Des territoires provincialisés
Car le «monde grec» va être intégré à Rome progressivement entre 146 et 31, par une provincialisation des territoires suite aux guerres mithridatiques concomitantes de la dislocation du royaume séleucide. «Nouvel Alexandre», Pompée réorganise l’Orient pendant que le monde égéo-anatolien subit des guerres civiles.
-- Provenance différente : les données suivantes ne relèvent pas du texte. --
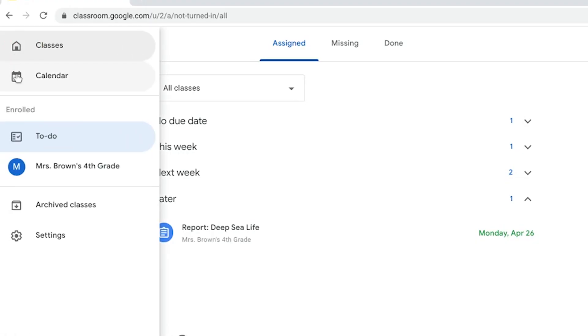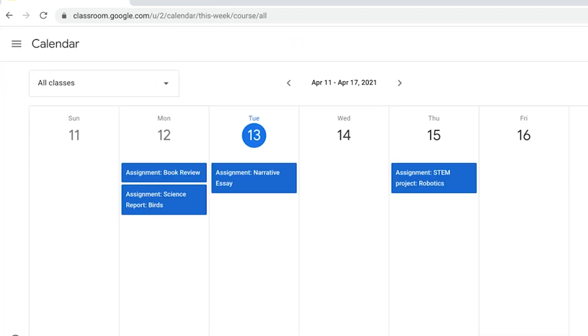There's also a calendar which you can access from the main screen, showing your weekly schedule of classes and assignments. That's it! Now you're ready to use Google Classroom like a pro!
Les historiens explorent l’économie urbaine du monde grec, le commerce via la monétarisation des relations intercités, les emporiums comme Alexandrie et Délos, le rôle des campagnes loin d’être immobiles, dont les fermes et les villae fournissent, à l’aide d’une petite paysannerie et des armées d’ouvriers agricoles et d’esclaves (des «esclaves marchandises»), une nourriture plutôt abondante malgré des crises aiguës sur les «marchés» (notion encore discutée), voire des crises environnementales (delta du Nil, par exemple). Considérons alors que la terre est pensée ici comme un capital.
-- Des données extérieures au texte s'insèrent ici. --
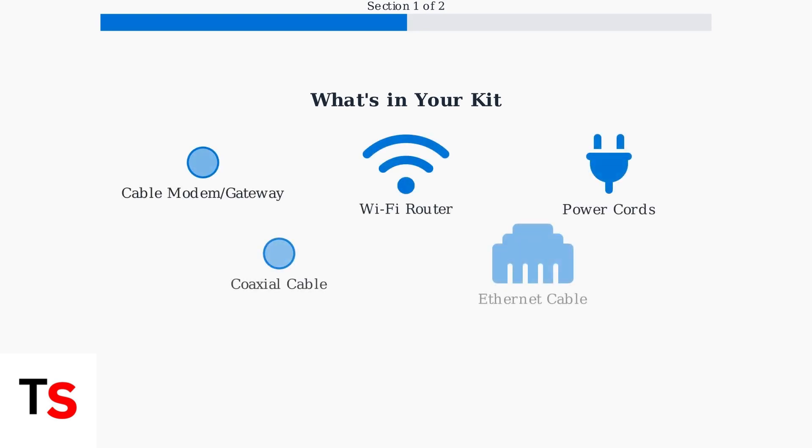Your kit includes a cable modem or gateway, a Wi-Fi router, power cords, coaxial and Ethernet cables, and if you have a TV bundle, a cable splitter.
Le processus de provincialisation s’achèvera vers 138 de notre ère avec une politique fiscale originale, un rapport plutôt élastique aux provinces, notamment avec celle du royaume nabatéen, Pétra et ses 25 000 habitants, ou encore la Judée telle que la présente l’historien Flavius Josèphe. Mais la pax romana est fragile, l’expansion reprenant sur les limites orientales. L’apogée de la vie urbaine de l’époque impériale est en ligne directe de notre héritage juridique, civique, social avec l’ordre nobiliaire alors même que les cités grecques connaissent des destins variables, ainsi Athènes en partie détruite par Sylla avant d’être rénovée d’Auguste à Trajan (agora romaine, bibliothèque d’Hadrien) ou Pergame et son Asclépéion, voire Jérusalem romanisée, Alexandrie et son musée qui attire les élites, Massalia, cité grecque d’Occident, «ville antique sans antiquités» (J. Méry).
Un inventaire du monde
Catherine Grandjean étudie la transmission et les mutations de l’hellénisme, d’Auguste aux Antonins, jusqu’en Afghanistan, dans le monde bouddhique où Malraux aimait voir des sources de l’art médiéval, notamment l’énigmatique Ange au sourire de Reims. La géographie de l’empire gréco-romain «célèbre l’organisation impériale, procède à un inventaire du monde» (C. Nicolet). Lieux et peuples de l’Empire sont classés, les élites grecques appréciant la domination romaine. Même les jeux olympiques furent adoptés à Rome. On a là un processus de globalisation à l’origine d’une culture où l’hellénisme jouit, jusqu’à nos jours, d’un prestige considérable. Car l’hellénisme est «une éducation et un idéal culturel».
La géographie alexandrine témoigne d’un élargissement du monde. Comment? Grâce à un Massaliote, Pythéas, qui franchit Gibraltar, contourne la Bretagne, atteint peut-être la Norvège (IVe siècle) tandis qu’Alexandre atteint l’Océan indien, qu’Eratosthène devient le père de la géographie scientifique, Ptolémée le géographe de l’Empire. L’équipe de Catherine Grandjean offre, grâce à des «ateliers», des réflexions sur les animaux, les paysages, les monnaies et même une pensée géopolitique sur ce qu’aurait pu être un «empire» à cette époque. Il nous reste à revoir Pergame et nous plonger dans cet héritage qui n’en finit pas.
Catherine Grandjean (dir.), La Grèce helénistique et romaine, Belin, 2024.